Other areas, such as the North of England, where property prices have not been pushed up by London’s mini-boom, will be less affected.
Although the immediate panic over savings held by the Newcastle bank subsided after the Government intervened to safeguard deposits this week, the market upheaval over the last few weeks has already dented confidence among house buyers.
Asking prices fell by 2.6 per cent this month, reversing the gains of the previous five months, according to Rightmove, the property website. The fall was the second biggest recorded in the six-year history of this index. Figures also show that new buyer inquiries have fallen for nine straight months. It is still not clear how the Northern Rock crisis will affect the property market over the next few months. But what can we expect?
Is a crash looming? For all the doom and gloom, economists and property experts believe that a 1990s-style property crash is very unlikely. Martin Ellis, an economist at the Halifax, said: “Higher interest rates meant that the market was slowing down anyway, even before the troubles in the financial markets. But the fundamentals remain strong. Employment is high, the economy is growing, interest rates are still historically low and, most importantly, the supply of property is still tight.”
Although the number of buyers has dwindled there are still not enough houses to go round and Simon Rubinsohn, chief economist at the Royal Institution of Chartered Surveyors (RICS), sees no signs of this changing. “Unemployment is not picking up and forcing sales. We need quite a big rise in unemployment for that to happen.” The last big property crash was fuelled by a rise of unemployment from 1.6 million in 1990 to 3.2 million in 1992. The potential City job losses of between 5,000 and 10,000 is tiny by comparison. However, it is likely to affect the most buoyant part of the property market – the top of the market in London where prices have been pushed up by big City bonus payments over the last couple of years.
So it’s stagnation, then?
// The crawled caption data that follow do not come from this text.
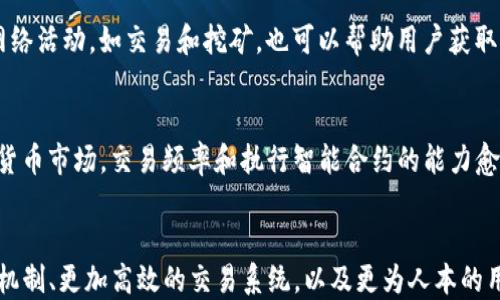 
TP钱包, 带宽, 能量, 加密货币/guanjianci

什么是TP钱包？
TP钱包是一款广受欢迎的加密货币钱包，支持多种区块链资产的存储和管理。作为一款去中心化的钱包，TP钱包不仅为用户提供了便利，还保障了用户资产的安全。

带宽和能量的定义
在TP钱包中，带宽和能量是两个重要的概念，它们对用户在网络上的交易能力至关重要。带宽是指用户在区块链网络上进行交易时所需的“交易频率”，而能量则是指用户在区块链上执行智能合约所需的计算能力。这两者共同影响着用户在经济活动中的参与度。

带宽如何影响用户体验？
带宽的影响体现在多个方面。例如，当用户进行交易时，如果带宽不足，交易可能会受到延迟，甚至无法完成。这无疑会影响用户的体验，让人感到沮丧。此外，带宽的不足还可能导致交易费用的增加。因此，管理好带宽对于用户来说非常重要。

能量的作用与重要性
能量在TP钱包中同样扮演着重要角色，特别是对于那些需要执行复杂智能合约的用户来说。在这样的情况下，用户需要确保自己的能量充足。这不仅可以保证交易的顺畅执行，还能提升整个网络的运行效率。

如何增加带宽和能量？
增加带宽和能量的方法有很多。用户可以通过持有不同类型的数字资产来提升自己的带宽和能量。此外，积极参与网络活动，如交易和挖矿，也可以帮助用户获取更多的带宽和能量。这就是为什么很多用户会选择在TP钱包中多样化自己的投资。

总结：您的TP钱包使用体验
综上所述，理解带宽和能量的概念，并积极管理这两者，将使您在使用TP钱包时获得更好的体验。尤其在当前的加密货币市场，交易频率和执行智能合约的能力愈发重要。因此，考虑怎样提高自身的带宽和能量，不仅是应对市场变动的有效策略，也是确保资金安全的基础性措施。

2025年，数字货币生态将如何演变？
随着时间推移，数字货币生态系统无疑会面临更多的变化与挑战。特别是在2025年，我们可以预见到更智能的合约机制、更加高效的交易系统，以及更为人本的用户体验。因此，保持对这些变化的敏锐度，让自己在这个快速发展的领域中立于不败之地，显得尤为重要。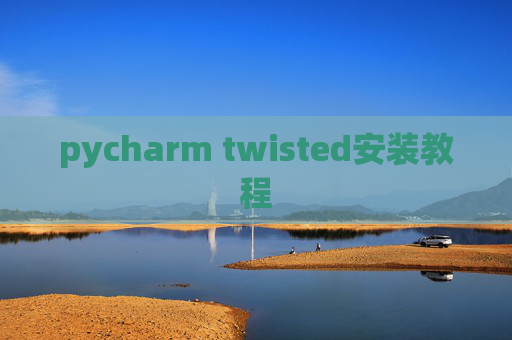 pycharm twisted安装教程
The strength of the market in London has obscured the fact that house prices have been pretty flat in much of the country throughout most of this year. Interest rate rises and affordability pressures have already subdued the market in the parts of the UK where City bonuses and wealthy foreign money fail to reach.
At the bottom of the market, buyers struggling to get a mortgage could be affected as financial institutions review their lending practices and restrict credit. Norwich Union is just one lender that has already stopped issuing loans to those who can not afford a deposit. This could particularly affect struggling first-time buyers who rely on large loans to get their foot on the ladder. Many homeowners are already paying more for their mortgages as lenders raise the cost of borrowing.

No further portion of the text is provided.